In Sackett, a couple purchased vacant property near Priest Lake in the State of Idaho with the intent to build their home.[2] After backfilling their lot with rocks and dirt, EPA claimed the couple’s property was a protected wetland and demanded they restore the property back to its original condition.[3] According to EPA, the property at issue was a wetland because it sat across the road from an “unnamed tributary,” which fed into a non-navigable creek connecting to Priest Lake — a navigable intrastate body of water.[4] EPA further asserted the couple’s property had a “significant nexus” to Priest Lake because it fit into a nearby wetland complex which impacted the lake’s ecology, and therefore concluded it could prohibit the couple’s placement of soil and gravel.[5]

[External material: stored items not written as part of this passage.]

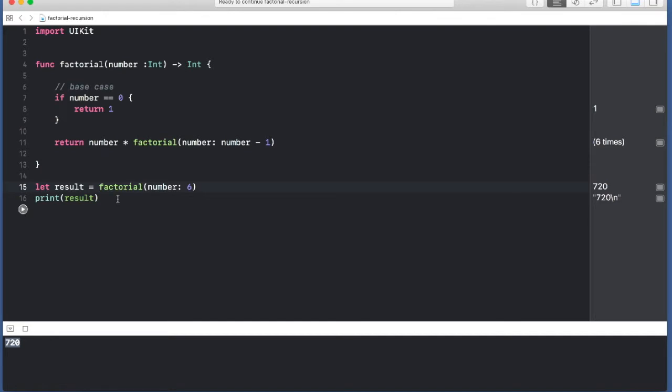So you can see that we have used recursion to create a factorial function. We could have done this with a for loop or a while loop, but using recursion, we were able to do this in very few lines of code.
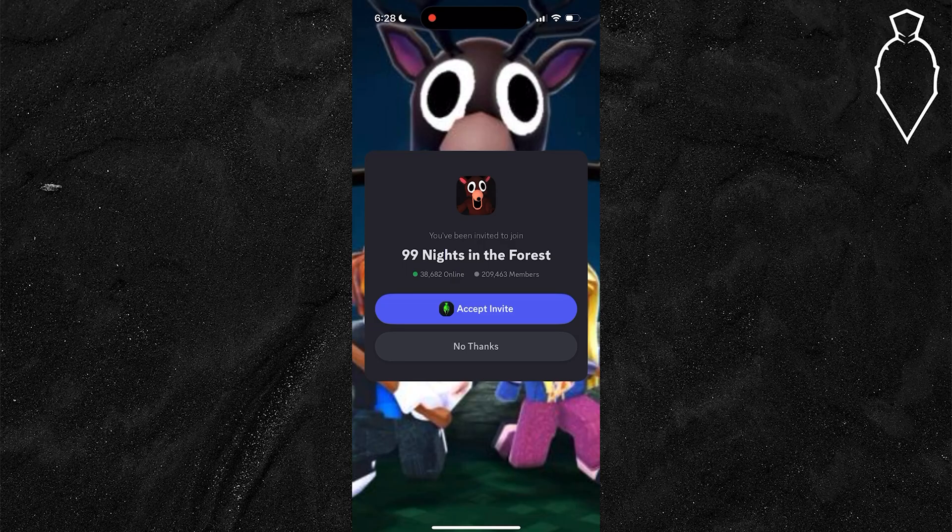As you can see, it's going to take you to the official 99 Nights in the Forest Discord server. Simply hit accept invite and you'll be added straight into this server.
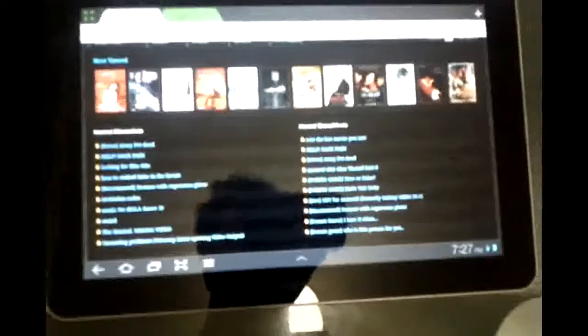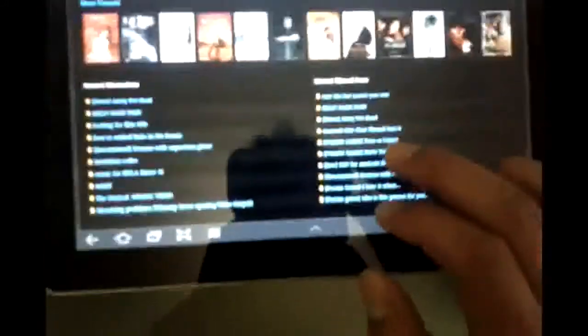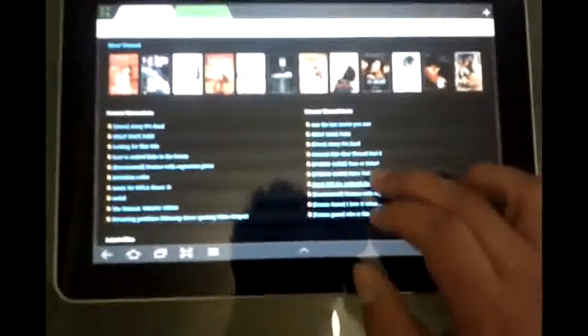Hi and welcome. This is a Galaxy Tab 10.1. I'm going to show you that you can play streams on it.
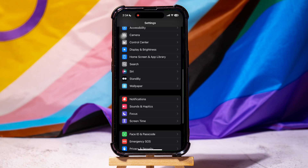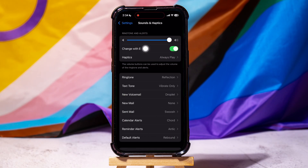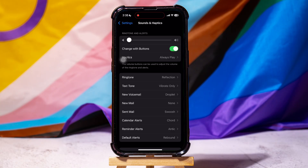Alternatively, go back to the settings page and tap on Sounds and Haptics. Here, go to the Ringtone and Alerts section at the top. The volume buttons can be used to adjust the volume of ringtones and alerts. Drag to lower the volume as shown. You have now set the volume to zero.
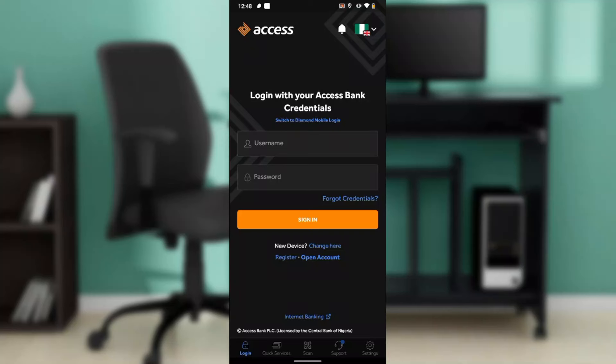Hello, in this tutorial I'll show you how to log in to the Access Bank mobile application. The first thing I'd like you to do is to get the Access Bank app using any of the stores that your phone permits. If you're using an iPhone then you use the Apple Store, if you're using an Android phone you use the Google Play Store.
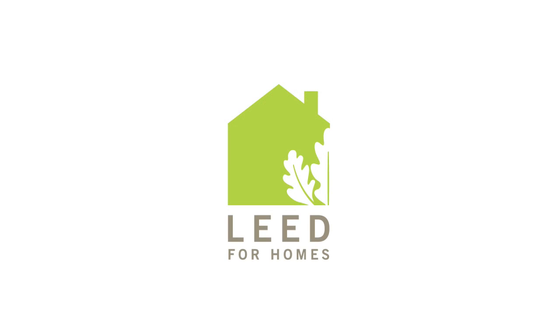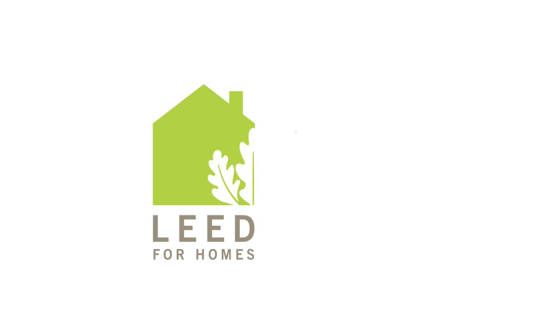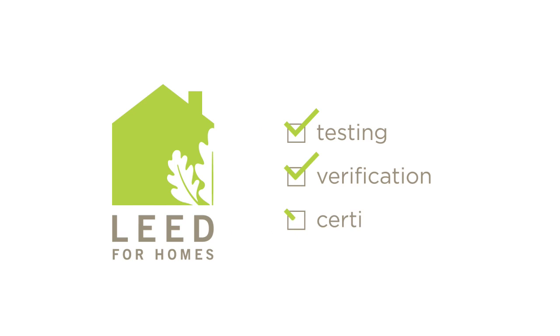Well, the U.S. Green Building Council offers LEED for Homes, a nationally recognized and respected green home building rating system that assures the green claims of new residential construction through third-party testing, verification, and certification.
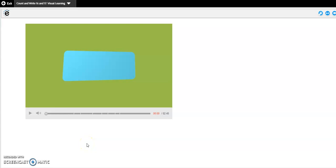Okay, so today during math we're going to be working on reading, counting, and writing the numbers 16 and 17. First, we're going to watch a video.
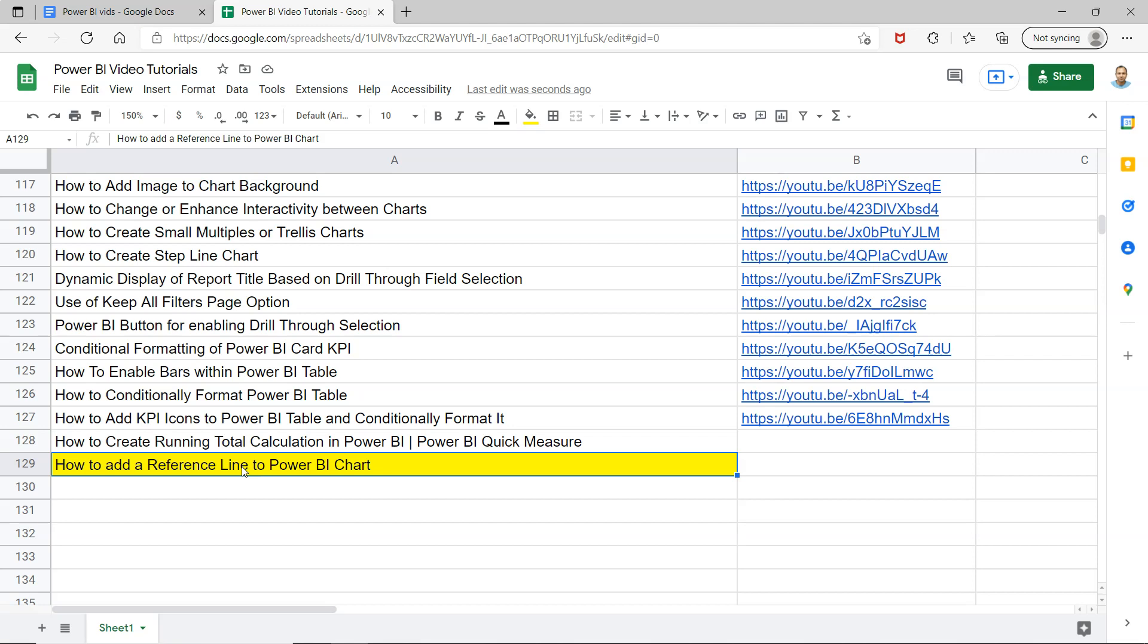For example, let's say you have a sales target of maybe five thousand dollars every month, or seven thousand dollars, or you may have multiple sales targets like three thousand is the minimum target, then five thousand is medium, and seven thousand is maximum. Just giving you some examples as to why you would need a reference line.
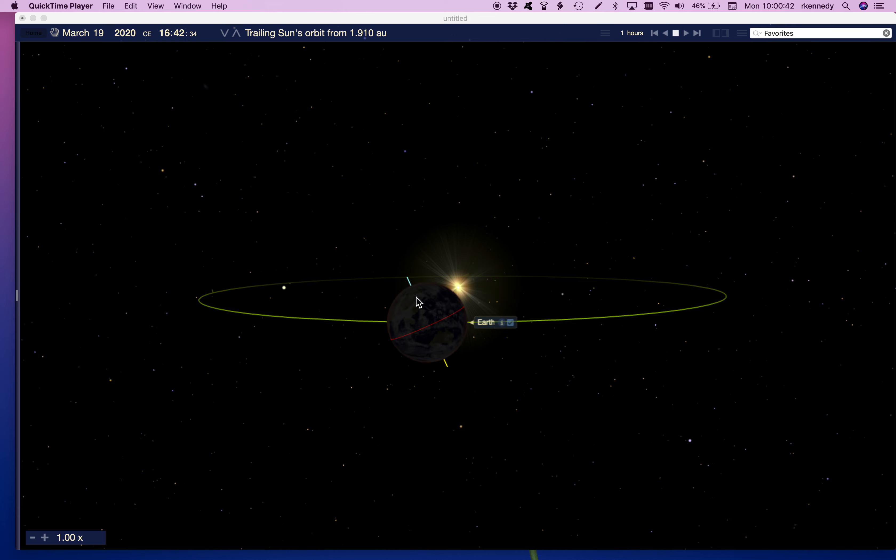On the vernal equinox, neither hemisphere is tilted towards the sun or away from the sun. We're leaning kind of sideways. So that means that the sun is directly over the earth's equator. The sun is about halfway up the sky, and we have equal hours of day and night.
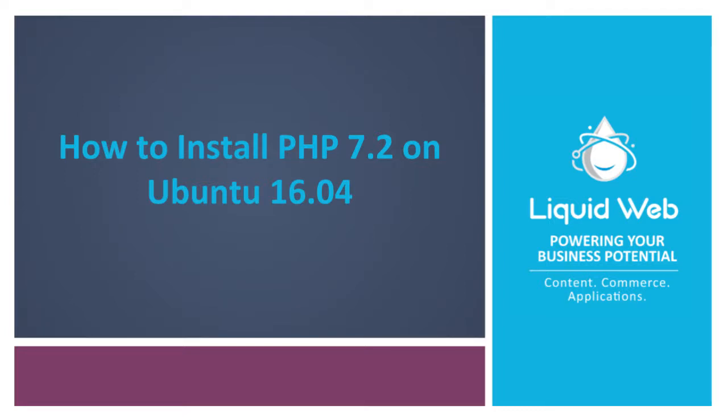Hello, this is Alex Gorzin from Liquid Web with our video on how to install PHP 7.2 on Ubuntu 16.04.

The U.S. Supreme Court unanimously rejected EPA’s classification of the couple’s property as a covered (i.e., regulated) wetland. Justice Alito — writing for the majority — concluded EPA overstepped its authority because the couple’s land is “distinguishable from any possibly covered waters” pursuant to the Clean Water Act (“CWA”).[6] As an initial matter, Justice Alito vindicated previous Supreme Court rulings as correct in defining “waters of the United States.”[7]  In Rapanos v. United States, a plurality of the Supreme Court defined the CWA as covering “only those relatively permanent, standing or continuously flowing bodies of water ‘forming geographic[al] features’ that are described in ordinary parlance as ‘streams, oceans, rivers, and lakes.’”[8] Justice Alito indicated this definition of “waters of the United States” is logical due, in part, to the word’s ordinary meaning, its agreement with the term “navigable waters” in the text of the CWA, and the legislative history behind the CWA.[9]

Given this definition of “waters of the United States,” Justice Alito proceeded to determine that EPA’s interpretation of “adjacent wetlands” was too broad to be consistent with the CWA.[10] EPA previously categorized these regulated wetlands as wetlands that possessed a “‘significant nexus’ [to] . . . traditional navigable waters . . . .”[11] EPA’s definition of “adjacent wetlands” included wetlands “‘neighboring’ . . . covered waters, even if they are separated from those waters by dry land.”[12] Justice Alito further reasoned, however, that “adjacent wetlands” must be “waters of the United States” for some of the CWA’s statutory provisions to not contradict one another.[13] The ordinary meaning of the term “adjacent” and the plain language of the CWA also led Justice Alito to infer Congress did not intend for the statute to “hide elephants in mouseholes” and cover such a large scope of lands.[14]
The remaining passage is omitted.